Improving the performance of PHP applications

In the world of software, performance plays a key role. It affects user experience, customer satisfaction, and even overall business profitability. This is especially true for PHP applications, which are renowned for their simplicity and flexibility, but can face performance issues if not optimized.

In this article, we'll dive into the world of PHP application optimization. We will look at how you can improve the performance of your code without jeopardizing its readability or functionality. We'll discuss a variety of strategies and approaches, ranging from elementary best practices such as outsourcing computation and caching to more complex topics such as micro-optimization and sequence optimization.

Before we begin, however, it's worth reminding ourselves that optimization is not always a panacea. It's important to remain realistic and realize that not all performance improvements can have a noticeable impact on the overall efficiency of your application. Consequently, it is best to focus on those code sections that can really bring noticeable results.

When thinking about robust software, the first thing that comes to mind is the use of efficient code. Through optimizations, we create algorithms that perform the same task at a significantly lower cost. This thought is, in a sense, the foundation of quality programming.

We can no longer imagine everyday life without software, and we don't want to change that. However, we should try to use as few resources as possible to get the same result.

Algorithms are a foundation in basic software developer training. But, put your hand on your heart - how often do you still write yourself, for example, a sort function? Exactly, almost never. Much more often we rely on existing functions that PHP offers us. This is reasonable, because these functions are tried and tested, and we usually can't write faster functions.

But even if we don't usually write such specialized algorithms ourselves, there are still plenty of other bugs that can sometimes significantly affect performance. Especially when it comes to huge loops, even small performance losses can have a big impact on the system.

Unfortunately, time and time again it turns out that even basic best practices are not being applied:

Outsourcing computation: are there operations that don't need to be performed on every loop pass? If so, perform the operation once and store the result in a variable.
Caching: it doesn't always have to be Redis, even simple in-memory caching using an array can be very useful to avoid repeated database queries, etc.
Reasonable micro-optimization: Performance improvements such as using single quotes instead of double quotes have only a minor impact on performance, but in performance-critical parts of code they can make a small difference. A good overview can be found in The PHP Benchmark, for example.
Sequence Optimization: Even small changes to the program flow can increase speed, for example by positioning conditions in if-requests based on execution speed. Conditions that are not computationally intensive should be checked first.

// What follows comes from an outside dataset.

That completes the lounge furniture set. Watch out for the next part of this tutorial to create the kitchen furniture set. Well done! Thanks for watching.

For all the love of optimization: stay realistic! If you spend a few hours making minimal improvements to a script that rarely runs, it's unlikely the business will make enough money from it.

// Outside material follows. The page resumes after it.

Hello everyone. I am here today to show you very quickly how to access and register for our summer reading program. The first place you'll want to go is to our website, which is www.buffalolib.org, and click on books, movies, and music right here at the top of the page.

In accordance with Donald Knuth's famous saying "Premature optimization is the root of all evils", it's better to take care of those code sections that have a noticeable impact on performance first.

Databases

Relational databases are also a common source of application performance. You can tackle this with the following basic rules of thumb:

Optimize tables: indexes, in particular, are often forgotten because their absence is only noticed when data volumes are large, as they are in large systems, due to performance degradation.
Save data: don't query unnecessary data, i.e. avoid SELECT * if only a few columns are required, and pay attention to sensible LIMIT instructions.
Use alternatives: Relational databases are not the best choice for storing large amounts of unstructured data (e.g., logs) because write access to them is expensive and should be avoided. Use NoSQL alternatives for this purpose, which do a much better job.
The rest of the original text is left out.